- 68Shares
Single Player Co-op Chaos
Super Time Force Ultra by Capybara Games is a love letter to retro gaming injected with a modern twist — you control time to play alongside past versions of yourself. You spawn ever more copies of yourself to retry tricky jumps, reach timed switches, and defeat bullet-sponge enemies until the screen is littered with dozens of characters and effects. It’s messy and sometimes overwhelming, but rarely frustrating as you have ample opportunities to pause time and rethink your approach. The game does an excellent job balancing difficulty and player skill, encouraging you to master it on your own terms time.
The 1 Hour Review
Super Time Force Ultra charms you from the get go with a crisp pixel art style, bouncy chiptunes soundtrack, and hilariously cheeky writing. It’s a very self-aware game, parodying 80s action movies, internet culture, and classic gaming tropes. The commander of the Super Time Force (STF) has two – yes, two – eyepatches because he’s just too manly. There are references to cat videos and people say “LOL” in conversation. The intro tutorial is a jab at how games expect you to just barely figure out the buttons before being “completely prepared for real life threats”. Within the first few minutes you know you’re in for a fun time.
After getting primed on the basics of jumping, shooting, and controlling time with time outs you get thrown into your first few missions. It can feel a little stressful as you have typically 60 seconds to clear a mission and getting killed while trying to rush through isn’t uncommon. Thankfully it’s easy to progress through the early game with some great level design providing direction on what to do. Lots of bullets flying in without cover? Use the shield. Enemies out of reach across a wall? Use the sniper. Mini-boss is taking way too long to kill? Rewind a few times and summon a whole squad to gun him down.

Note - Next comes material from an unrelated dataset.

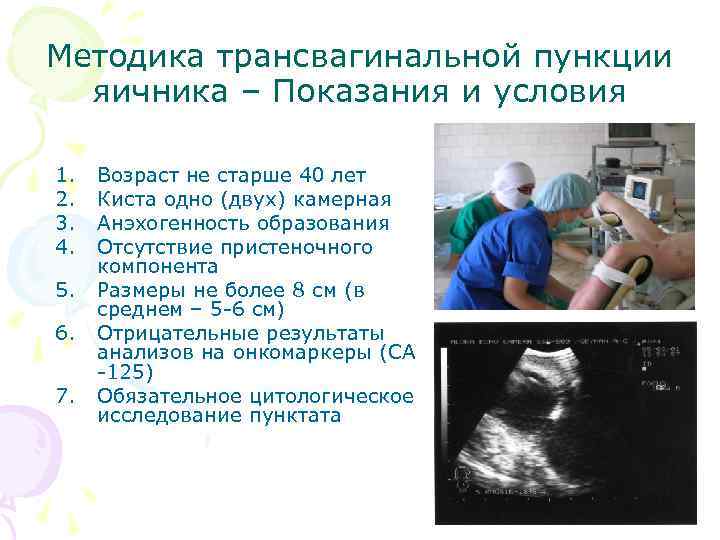 Методика трансвагинальной пункции яичника – Показания и условия 1. 2. 3. 4. 5. 6.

You start to see hints of how the game will eventually layer more and more complex scenarios to squeeze out every bit of your characters’ abilities. You also begin to break habits drilled into you from countless other side-scrollers. Purposely dying, rewinding time, then saving your doomed character to absorb his abilities feels counter intuitive at first. But it’s a fresh take on item pickups where you control the drop location when you need them. By the time you fight the game’s first real boss, you start to naturally see opportunities where time outs should happen.
The 3 Hour Review
Something dawns on you. You realize time outs aren’t just for redoing mistakes and getting fire support. Your control of time allows you to simultaneously explore multiple paths in a mission. Classic side scrolling games would have you go through each branching path in a level then backtracking to take the other paths. Super Time Force Ultra turns this notion on its head. Instead, you should play through a branching path completely to its dead end, rewind all the way back to the fork in the road, then explore a different path while being confident that your previously recorded selves would get everything in the other branch. This technique helps save lots of time to complete missions while collecting all bonuses. The “aha” moment comes relatively early after the beginning stages and it opens up strategies significantly.

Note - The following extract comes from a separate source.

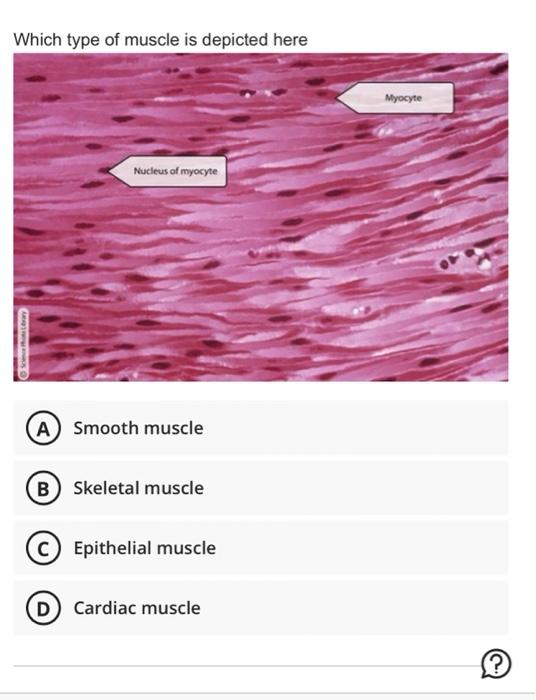 Solved Which type of muscle is depicted here Nucleus of | Chegg.com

You’ll likely often think to yourself: “this will look awesome in the replay.”
You’ve also seen several after-mission replays by now, which play out the entire mission run in real time without all the time out menu pauses. It gets especially cool when you see multiple characters all coordinating their skills in bigger battles like bosses or enemy waves. It’s a satisfying reward for overcoming each mission’s challenges, like a director watching his final scene edits. However the feature is a few steps away from being really great. You can’t rewind or fast forward during the replay which is a bit odd considering you have that ability while playing. It’s also a little unfortunate that you can’t pan around the stage if you have your characters spread out in separate areas all performing different objectives. Regardless, you’ll likely often think to yourself: “this will look awesome in the replay.”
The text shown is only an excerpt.